While the Butler Bulldogs may have regressed this year in terms of win total and regular season rankings, players, fans and the people who work around the team are optimistic about the future of the program after what they’ve seen from first-year helmsmen LaVall Jordan.
Jordan, the winningest player in Butler history, the two-time all conference player for the Bulldogs, three-time NCAA tournament participant, the coach who was a mere game away from bringing an 11-win Milwaukee team all the way to the NCAA tournament just last year, is now the coach behind Butler’s first-ever Big East Tournament victory.
The 75-74 win over Seton Hall demonstrated Ball’s coaching skill, as Butler trailed by seven in the game’s final minutes. The win is one Butler aficionados of the world hope is only the beginning of what will be a program-defining legacy.

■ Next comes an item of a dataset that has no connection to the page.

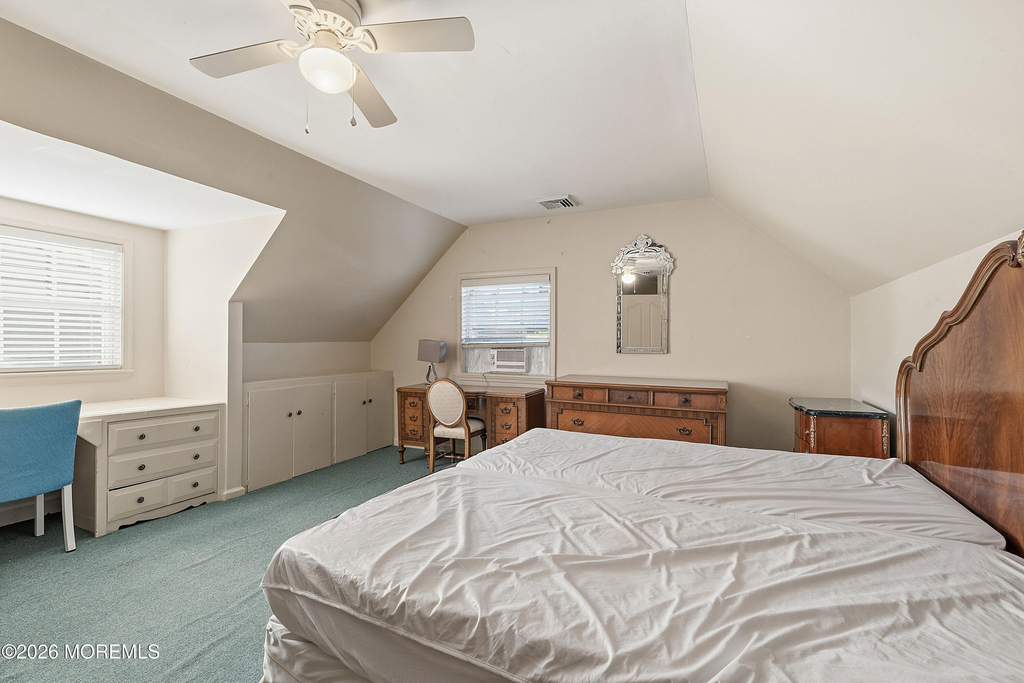 3 Cypress Avenue - Photo 19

“Jordan is a Butler man through and through,” said Butler Collegian sports editor Dana Lee.
Jordan made that evident at his introductory press conference.
“I can’t wait for the first game when I hear the chant: ‘BU – TLE – R U a Bulldog’…and I might stop coaching for a second and say, ‘Hell yeah,’” he said.
Jordan’s connections to Butler go beyond his playing days and in fact extend through most of his post-collegiate life.
After returning from a one-year stint playing overseas in Europe, he served for four years as an assistant on coach Todd Lickliter’s Butler staff before following him to Iowa, where he assisted Lickliter for three more years.
When Brad Stevens, Lickliter’s replacement, left Butler to lead the Boston Celtics in 2013, Jordan was one of the leading candidates to replace him, but was eventually passed up on in favor of Brandon Miller.
According to those who are close with him, he never stopped pining for the Butler job, and after missing out on it the first time was more than willing to lie in wait for another opportunity. In the meantime, he honed his coaching chops as an assistant coach at Michigan before eventually undertaking his one-year stint at Milwaukee.
Seton Hall coach Kevin Willard said his three matches against Jordan this year have impressed him.
“I think LaVall has – the league is lucky to have him,” Willard said. “Obviously Butler is lucky to have him. And he’s done a phenomenal job.”
More specifically Williard pointed to Jordan’s superior usage of Martin Wideman and Kamar Baldwin down the stretch, something he believes Jordan improved upon from earlier in the season.
If the reaction of fans, team media and even his own rivals are anything to go by, Butler is indeed lucky to have him for any potential tournament run now, and for however many seasons his passion for Butler University basketball continues to light up Hinkle Fieldhouse and wherever else the Bulldogs need someone to steer them through it all.